Paris – 26.06.2026 : Dans une décision majeure, le tribunal administratif de Paris a contraint le gouvernement français à élaborer et à mettre en œuvre dans un délai d’un an un plan d’action national pour la protection des baleines dans le golfe de Gascogne. Cette mesure vise à réduire les prises accidentelles de petits cétacés, notamment des dauphins communs, des grands dauphins et des marsouins, qui sont menacés par les activités de pêche.
La plainte a été déposée par les organisations environnementales France Nature Environnement, Défense des milieux aquatiques et Sea Shepherd France, qui ont salué cette décision comme « historique pour la protection des espèces ». Elles avaient poursuivi le gouvernement afin d’obtenir une compensation pour les dommages écologiques causés par les prises accidentelles dans la région.

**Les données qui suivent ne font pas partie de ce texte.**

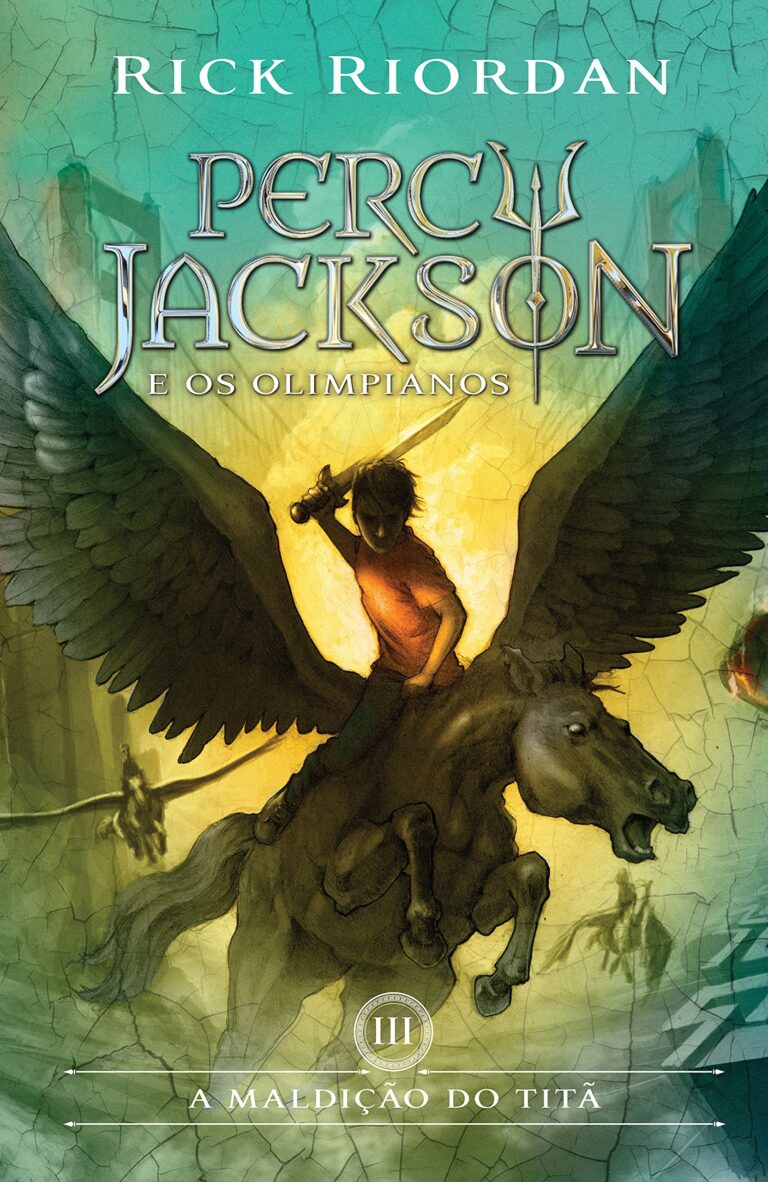 Resenha do Livro: Percy Jackson e os Olimpianos A maldição do titã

Le tribunal a constaté que les prises accidentelles entre 2018 et 2025 ont atteint un niveau mettant en danger l’état de conservation des espèces concernées. Il a été établi que le nombre estimé de prises accidentelles pour chacune des trois espèces dépasse les seuils nécessaires à la viabilité à long terme des populations. Une partie de cette mortalité a été attribuée à la mise en œuvre insuffisante des mesures de protection par l’État.
Par conséquent, la responsabilité de l’État pour les dommages écologiques causés par la dégradation de l’état de conservation favorable de ces espèces protégées a été reconnue. Pour remédier à ces dommages, il a été ordonné à l’État d’élaborer et de mettre en œuvre un plan d’action national dans un délai d’un an. Ce plan vise à améliorer l’état de conservation des dauphins communs, des marsouins et des grands dauphins et à réduire durablement les prises accidentelles dans le golfe de Gascogne. En cas de retard, une amende de 15 000 euros par mois sera appliquée.

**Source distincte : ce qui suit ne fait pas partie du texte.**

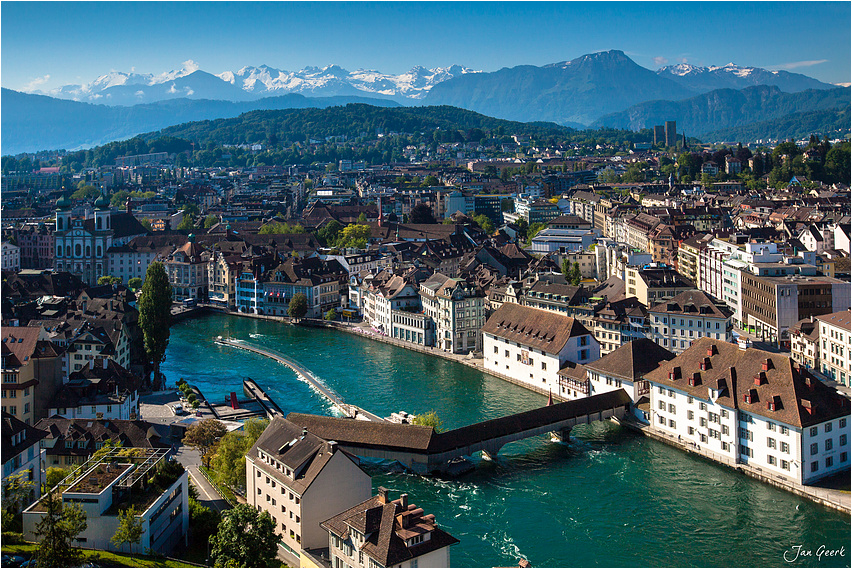 Die Stadt der Alpen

De plus, l’État a été contraint de prendre des mesures dans un délai de six mois pour réduire les prises accidentelles de ces espèces dès l’hiver 2026-2027. Pour chaque jour de retard au-delà de cette période, une amende de 500 euros sera infligée.
Cette décision fait suite à des ordonnances judiciaires antérieures imposant à l’État de fermer certaines zones de pêche dans le golfe de Gascogne pendant des périodes déterminées afin de limiter les prises accidentelles de petits cétacés. Ces mesures ont déjà été mises en œuvre durant les hivers 2024 et 2025, avec la fermeture des activités de pêche pendant quatre semaines en janvier et février.
Les décisions judiciaires actuelles soulignent l’urgence de renforcer la protection des petits cétacés dans le golfe de Gascogne. La mise en œuvre d’un plan d’action national complet est considérée comme essentielle pour assurer la survie à long terme de ces espèces dans la région.